::: Task material :::

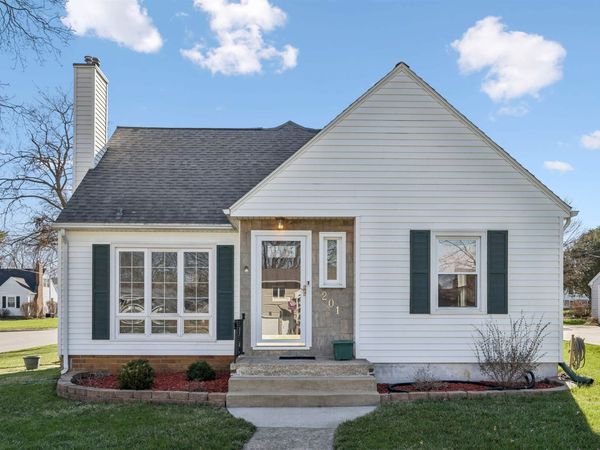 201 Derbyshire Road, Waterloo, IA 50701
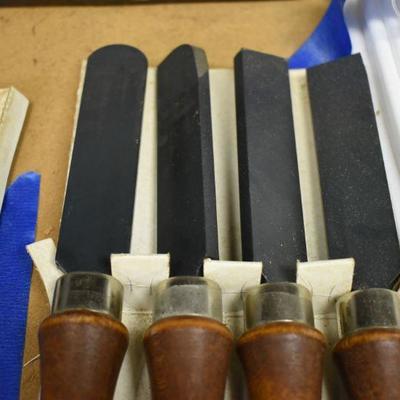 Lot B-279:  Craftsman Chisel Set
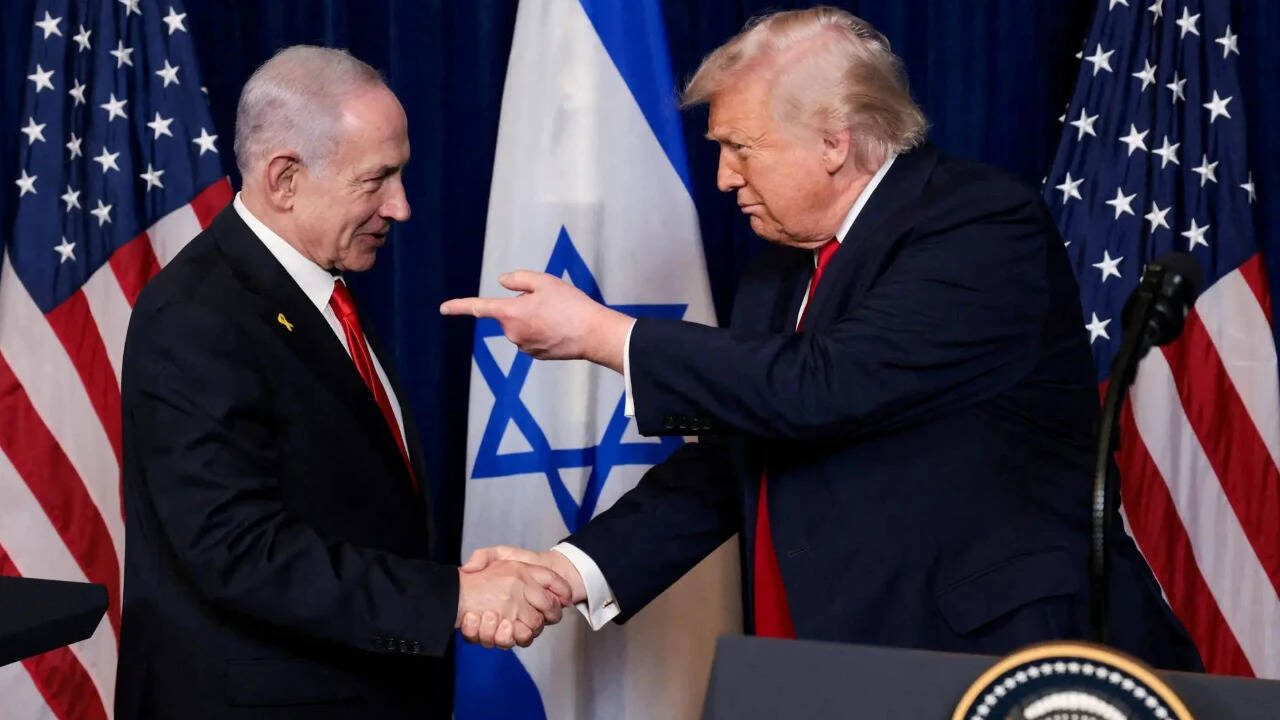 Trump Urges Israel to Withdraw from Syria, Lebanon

:::
::: Task material :::

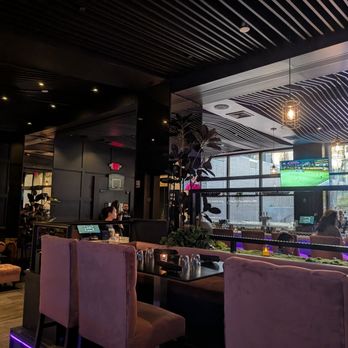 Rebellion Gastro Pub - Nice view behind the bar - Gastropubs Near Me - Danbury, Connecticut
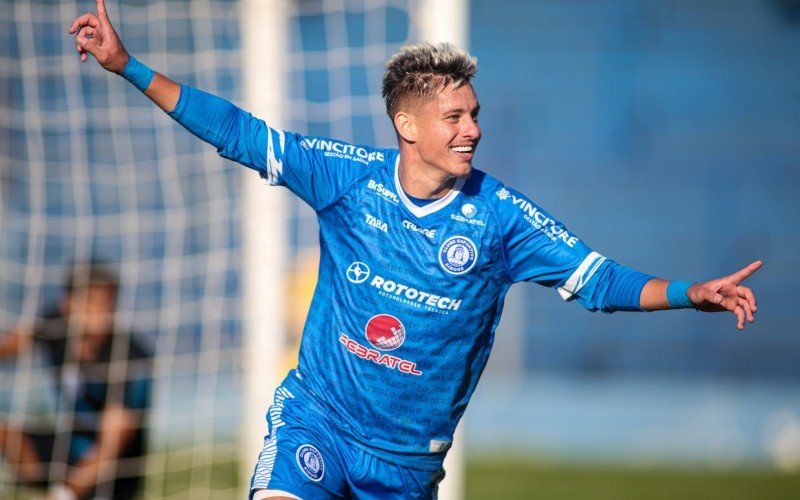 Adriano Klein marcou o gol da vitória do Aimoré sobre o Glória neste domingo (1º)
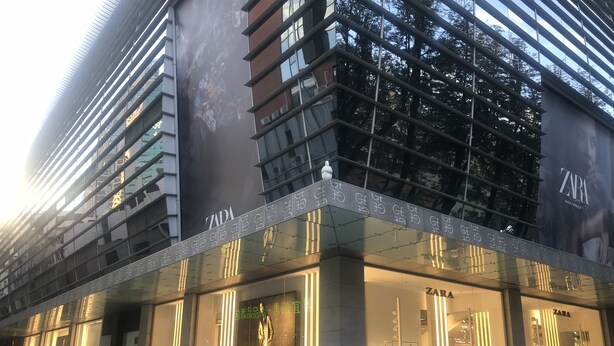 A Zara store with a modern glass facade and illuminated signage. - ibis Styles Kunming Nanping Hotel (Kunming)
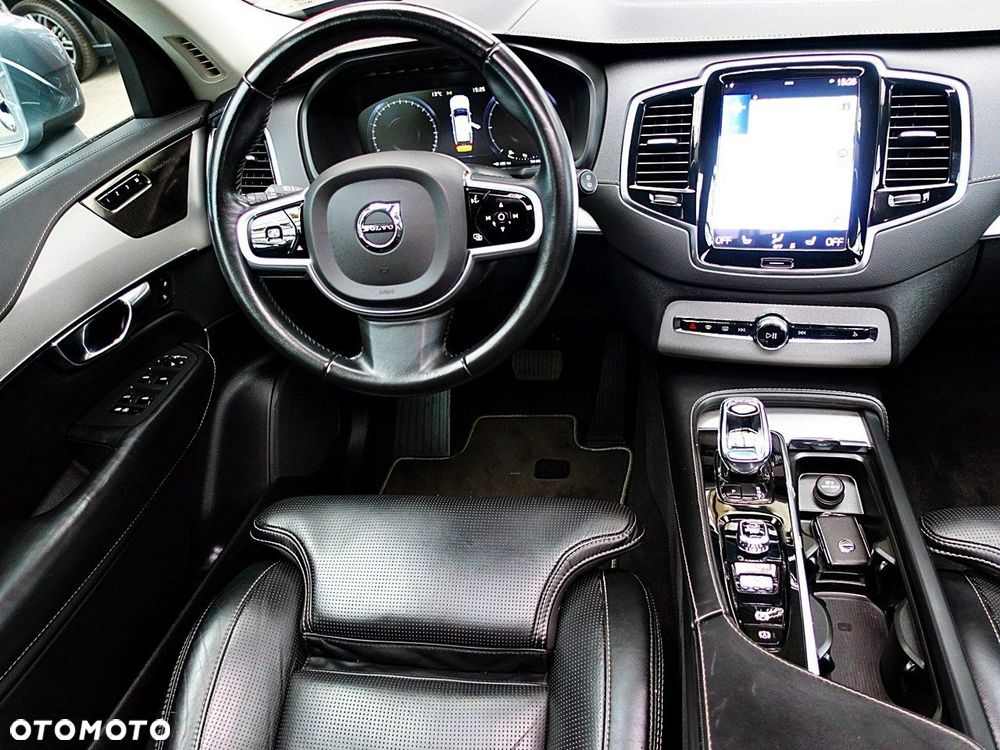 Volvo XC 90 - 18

:::
::: Task material :::

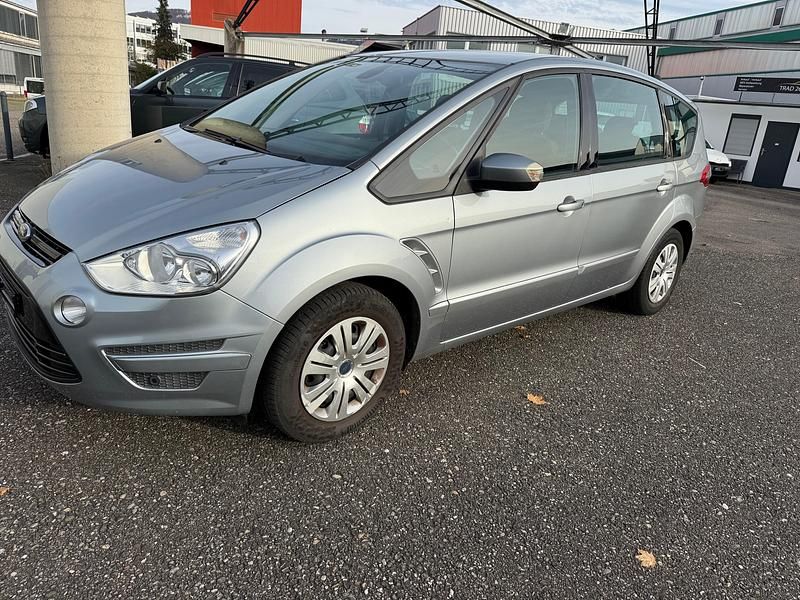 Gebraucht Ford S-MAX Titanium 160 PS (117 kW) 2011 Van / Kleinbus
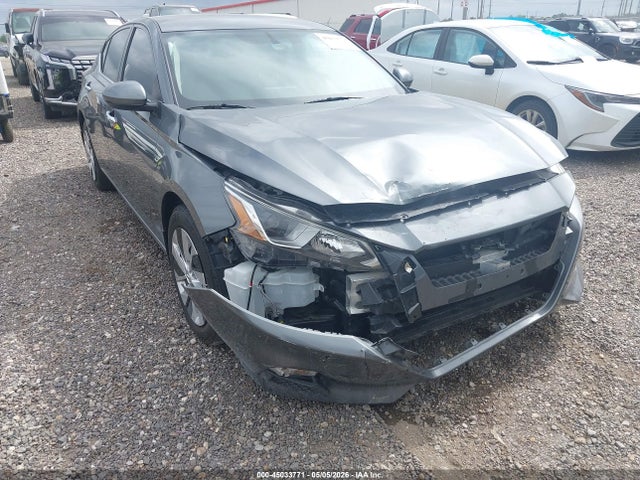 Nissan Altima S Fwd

:::

§ The task
Without the pictures, set down the lines above from the line with "Gebraucht Ford S-MAX" up to and including the line with "Nissan Altima S Fwd" exactly as they stand.

§ Output below
 Gebraucht Ford S-MAX Titanium 160 PS (117 kW) 2011 Van / Kleinbus
 Nissan Altima S Fwd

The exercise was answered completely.